[Short text fragments from websites]

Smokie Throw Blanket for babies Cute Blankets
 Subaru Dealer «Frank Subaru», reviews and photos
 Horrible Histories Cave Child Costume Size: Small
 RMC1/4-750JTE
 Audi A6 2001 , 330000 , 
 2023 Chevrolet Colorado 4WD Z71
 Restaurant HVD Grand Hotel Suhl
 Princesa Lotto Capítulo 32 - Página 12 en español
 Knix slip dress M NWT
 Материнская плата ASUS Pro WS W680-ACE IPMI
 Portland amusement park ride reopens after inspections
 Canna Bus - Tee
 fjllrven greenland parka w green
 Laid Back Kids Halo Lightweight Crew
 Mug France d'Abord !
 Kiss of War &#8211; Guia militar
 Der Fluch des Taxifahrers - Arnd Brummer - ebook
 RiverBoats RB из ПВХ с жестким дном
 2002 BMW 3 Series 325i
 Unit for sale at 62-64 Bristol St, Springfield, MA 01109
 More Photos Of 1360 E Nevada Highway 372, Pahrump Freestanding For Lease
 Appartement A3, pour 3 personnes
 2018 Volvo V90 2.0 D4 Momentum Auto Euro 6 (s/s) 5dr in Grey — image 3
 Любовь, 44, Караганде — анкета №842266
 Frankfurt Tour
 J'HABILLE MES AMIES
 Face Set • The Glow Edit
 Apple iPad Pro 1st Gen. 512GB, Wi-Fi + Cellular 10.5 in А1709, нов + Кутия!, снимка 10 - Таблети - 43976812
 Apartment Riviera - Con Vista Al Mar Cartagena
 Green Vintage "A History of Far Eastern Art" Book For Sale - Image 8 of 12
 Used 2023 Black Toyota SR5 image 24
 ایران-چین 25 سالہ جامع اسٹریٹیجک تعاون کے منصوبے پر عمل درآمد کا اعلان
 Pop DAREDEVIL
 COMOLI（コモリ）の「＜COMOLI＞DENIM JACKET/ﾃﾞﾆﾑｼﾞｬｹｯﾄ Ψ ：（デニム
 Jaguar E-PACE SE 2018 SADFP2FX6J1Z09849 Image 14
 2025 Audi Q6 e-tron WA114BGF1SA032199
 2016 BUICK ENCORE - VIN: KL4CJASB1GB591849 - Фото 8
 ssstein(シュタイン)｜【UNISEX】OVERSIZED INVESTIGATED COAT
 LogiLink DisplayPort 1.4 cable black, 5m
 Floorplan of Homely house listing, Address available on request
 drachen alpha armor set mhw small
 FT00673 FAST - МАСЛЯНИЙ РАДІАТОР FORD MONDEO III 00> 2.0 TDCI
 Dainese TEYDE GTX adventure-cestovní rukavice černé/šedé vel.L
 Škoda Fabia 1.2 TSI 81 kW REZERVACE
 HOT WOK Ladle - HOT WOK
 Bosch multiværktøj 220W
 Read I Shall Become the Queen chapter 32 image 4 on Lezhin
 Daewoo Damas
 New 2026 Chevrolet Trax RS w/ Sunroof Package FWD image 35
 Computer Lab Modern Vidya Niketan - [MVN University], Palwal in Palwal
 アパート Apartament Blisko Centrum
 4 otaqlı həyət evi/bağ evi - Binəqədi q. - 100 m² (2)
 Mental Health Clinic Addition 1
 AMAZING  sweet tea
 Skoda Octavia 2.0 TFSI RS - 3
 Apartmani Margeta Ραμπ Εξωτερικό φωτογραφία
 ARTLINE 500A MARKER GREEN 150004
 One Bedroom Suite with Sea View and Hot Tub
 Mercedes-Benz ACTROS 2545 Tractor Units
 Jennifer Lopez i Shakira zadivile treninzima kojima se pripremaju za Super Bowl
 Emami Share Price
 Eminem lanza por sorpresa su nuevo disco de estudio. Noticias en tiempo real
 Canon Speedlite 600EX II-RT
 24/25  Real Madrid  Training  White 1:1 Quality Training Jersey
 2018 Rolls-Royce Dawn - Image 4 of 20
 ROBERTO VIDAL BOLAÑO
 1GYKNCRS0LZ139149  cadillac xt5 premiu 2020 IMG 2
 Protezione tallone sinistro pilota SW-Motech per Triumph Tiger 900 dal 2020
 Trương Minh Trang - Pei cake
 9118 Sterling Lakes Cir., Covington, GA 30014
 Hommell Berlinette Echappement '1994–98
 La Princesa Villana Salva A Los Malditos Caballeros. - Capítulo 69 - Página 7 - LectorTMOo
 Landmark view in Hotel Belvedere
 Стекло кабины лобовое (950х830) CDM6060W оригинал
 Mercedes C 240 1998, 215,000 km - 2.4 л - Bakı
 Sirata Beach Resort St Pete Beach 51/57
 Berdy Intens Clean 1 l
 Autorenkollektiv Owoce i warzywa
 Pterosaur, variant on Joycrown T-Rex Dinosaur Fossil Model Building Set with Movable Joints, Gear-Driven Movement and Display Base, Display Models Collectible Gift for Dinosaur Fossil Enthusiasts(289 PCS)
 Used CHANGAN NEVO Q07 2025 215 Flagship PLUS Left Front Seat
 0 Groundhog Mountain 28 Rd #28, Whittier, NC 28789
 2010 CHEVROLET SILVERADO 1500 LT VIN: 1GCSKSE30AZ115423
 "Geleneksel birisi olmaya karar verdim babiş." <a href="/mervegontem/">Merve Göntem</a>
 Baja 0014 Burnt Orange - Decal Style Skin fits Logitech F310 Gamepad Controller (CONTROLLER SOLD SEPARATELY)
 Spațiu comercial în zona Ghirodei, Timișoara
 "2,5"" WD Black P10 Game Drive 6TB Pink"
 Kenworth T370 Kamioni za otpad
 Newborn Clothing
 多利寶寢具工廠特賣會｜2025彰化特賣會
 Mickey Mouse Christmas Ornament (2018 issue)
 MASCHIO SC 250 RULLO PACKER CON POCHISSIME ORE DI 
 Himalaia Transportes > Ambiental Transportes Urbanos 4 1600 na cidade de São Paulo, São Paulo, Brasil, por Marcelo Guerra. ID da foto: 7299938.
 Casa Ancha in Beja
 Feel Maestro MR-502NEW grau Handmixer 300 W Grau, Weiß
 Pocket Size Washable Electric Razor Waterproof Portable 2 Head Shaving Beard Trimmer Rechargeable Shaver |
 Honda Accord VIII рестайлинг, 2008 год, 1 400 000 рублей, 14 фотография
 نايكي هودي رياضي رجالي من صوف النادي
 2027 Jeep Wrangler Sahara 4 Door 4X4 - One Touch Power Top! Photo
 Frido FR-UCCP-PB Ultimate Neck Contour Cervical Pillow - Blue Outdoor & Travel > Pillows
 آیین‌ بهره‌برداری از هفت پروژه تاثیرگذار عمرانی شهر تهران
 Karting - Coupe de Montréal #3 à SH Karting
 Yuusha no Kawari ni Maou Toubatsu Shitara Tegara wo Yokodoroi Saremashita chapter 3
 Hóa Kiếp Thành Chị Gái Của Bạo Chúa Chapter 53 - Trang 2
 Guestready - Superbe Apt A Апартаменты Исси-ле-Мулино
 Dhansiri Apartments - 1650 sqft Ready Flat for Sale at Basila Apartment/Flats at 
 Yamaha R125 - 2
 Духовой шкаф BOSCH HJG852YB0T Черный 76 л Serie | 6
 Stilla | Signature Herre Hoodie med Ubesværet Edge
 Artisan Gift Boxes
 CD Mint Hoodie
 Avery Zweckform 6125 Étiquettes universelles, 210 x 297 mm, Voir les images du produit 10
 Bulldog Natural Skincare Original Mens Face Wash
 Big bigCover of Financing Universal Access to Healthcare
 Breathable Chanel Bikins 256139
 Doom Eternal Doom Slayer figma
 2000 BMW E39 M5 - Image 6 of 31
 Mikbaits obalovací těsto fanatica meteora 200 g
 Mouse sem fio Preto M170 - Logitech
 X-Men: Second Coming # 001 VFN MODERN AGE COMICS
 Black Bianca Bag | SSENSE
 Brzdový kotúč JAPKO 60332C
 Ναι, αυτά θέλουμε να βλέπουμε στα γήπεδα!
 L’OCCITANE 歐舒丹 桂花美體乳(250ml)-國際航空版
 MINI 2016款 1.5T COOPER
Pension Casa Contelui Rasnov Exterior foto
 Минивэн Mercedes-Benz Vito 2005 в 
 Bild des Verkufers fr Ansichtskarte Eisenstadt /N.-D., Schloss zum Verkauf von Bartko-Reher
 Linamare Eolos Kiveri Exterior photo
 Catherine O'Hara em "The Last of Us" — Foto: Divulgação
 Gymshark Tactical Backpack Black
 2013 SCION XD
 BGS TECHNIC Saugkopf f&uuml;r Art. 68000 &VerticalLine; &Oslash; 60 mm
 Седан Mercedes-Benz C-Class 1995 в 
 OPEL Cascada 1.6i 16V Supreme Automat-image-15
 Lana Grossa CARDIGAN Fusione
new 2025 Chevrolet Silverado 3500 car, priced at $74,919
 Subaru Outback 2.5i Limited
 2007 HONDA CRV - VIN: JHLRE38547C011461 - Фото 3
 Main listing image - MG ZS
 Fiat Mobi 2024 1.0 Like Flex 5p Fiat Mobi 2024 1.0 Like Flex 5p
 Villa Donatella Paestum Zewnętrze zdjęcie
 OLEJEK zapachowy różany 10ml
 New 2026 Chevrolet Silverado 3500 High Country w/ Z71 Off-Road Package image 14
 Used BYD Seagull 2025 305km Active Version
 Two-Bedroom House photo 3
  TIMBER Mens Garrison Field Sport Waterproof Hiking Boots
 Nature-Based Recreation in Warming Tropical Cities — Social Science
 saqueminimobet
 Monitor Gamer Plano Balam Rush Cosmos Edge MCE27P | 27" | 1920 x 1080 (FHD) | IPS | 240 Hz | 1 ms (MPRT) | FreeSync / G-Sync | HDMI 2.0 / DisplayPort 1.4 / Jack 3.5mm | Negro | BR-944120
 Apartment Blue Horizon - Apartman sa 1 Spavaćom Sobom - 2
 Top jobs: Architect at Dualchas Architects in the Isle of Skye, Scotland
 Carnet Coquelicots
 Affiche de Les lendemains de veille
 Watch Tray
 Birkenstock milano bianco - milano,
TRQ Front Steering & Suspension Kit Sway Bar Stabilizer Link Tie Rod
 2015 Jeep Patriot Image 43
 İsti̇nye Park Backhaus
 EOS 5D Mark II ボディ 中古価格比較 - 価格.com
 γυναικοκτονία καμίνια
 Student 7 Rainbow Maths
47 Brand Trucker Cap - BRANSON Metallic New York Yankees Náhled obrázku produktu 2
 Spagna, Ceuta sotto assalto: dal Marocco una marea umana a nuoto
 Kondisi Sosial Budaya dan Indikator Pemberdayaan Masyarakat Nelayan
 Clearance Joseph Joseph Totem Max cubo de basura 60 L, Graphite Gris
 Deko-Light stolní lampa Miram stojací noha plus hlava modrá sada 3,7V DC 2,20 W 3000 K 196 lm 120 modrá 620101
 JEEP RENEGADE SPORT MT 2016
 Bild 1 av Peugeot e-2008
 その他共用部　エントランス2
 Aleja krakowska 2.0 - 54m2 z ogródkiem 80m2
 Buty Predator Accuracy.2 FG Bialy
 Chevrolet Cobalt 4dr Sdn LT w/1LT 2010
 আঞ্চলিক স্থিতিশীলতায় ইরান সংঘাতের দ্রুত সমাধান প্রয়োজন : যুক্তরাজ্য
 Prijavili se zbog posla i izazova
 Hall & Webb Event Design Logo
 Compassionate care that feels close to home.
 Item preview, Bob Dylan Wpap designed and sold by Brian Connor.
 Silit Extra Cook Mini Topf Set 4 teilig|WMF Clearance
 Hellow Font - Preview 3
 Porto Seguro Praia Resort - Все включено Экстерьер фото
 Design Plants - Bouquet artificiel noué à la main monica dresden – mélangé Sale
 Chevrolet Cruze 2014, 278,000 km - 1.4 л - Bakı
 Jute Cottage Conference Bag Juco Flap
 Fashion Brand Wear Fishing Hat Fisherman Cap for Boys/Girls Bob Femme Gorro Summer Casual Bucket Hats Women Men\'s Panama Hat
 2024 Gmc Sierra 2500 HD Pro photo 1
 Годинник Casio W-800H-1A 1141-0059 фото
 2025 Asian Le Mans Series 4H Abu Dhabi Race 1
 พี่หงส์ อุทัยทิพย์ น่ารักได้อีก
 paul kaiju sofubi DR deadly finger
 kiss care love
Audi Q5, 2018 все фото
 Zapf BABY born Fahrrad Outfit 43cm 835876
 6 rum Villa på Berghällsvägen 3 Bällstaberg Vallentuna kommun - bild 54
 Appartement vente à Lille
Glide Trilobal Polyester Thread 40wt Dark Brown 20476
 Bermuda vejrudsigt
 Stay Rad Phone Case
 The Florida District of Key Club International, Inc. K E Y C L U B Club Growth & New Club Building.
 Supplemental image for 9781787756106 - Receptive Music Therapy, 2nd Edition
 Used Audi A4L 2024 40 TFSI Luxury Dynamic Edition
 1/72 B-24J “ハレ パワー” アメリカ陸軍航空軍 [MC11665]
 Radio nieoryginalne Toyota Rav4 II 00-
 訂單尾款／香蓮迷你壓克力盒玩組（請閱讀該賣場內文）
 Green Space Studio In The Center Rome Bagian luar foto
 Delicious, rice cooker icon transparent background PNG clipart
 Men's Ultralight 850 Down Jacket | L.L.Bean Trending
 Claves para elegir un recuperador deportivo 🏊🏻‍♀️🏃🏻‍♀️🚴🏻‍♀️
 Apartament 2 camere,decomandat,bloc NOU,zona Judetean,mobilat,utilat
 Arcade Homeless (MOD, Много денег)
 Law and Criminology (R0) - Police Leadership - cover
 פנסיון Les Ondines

TASK -> Scan the records for lines with the word "Package". Report how many, with no other words.

TASK RESULT -> 2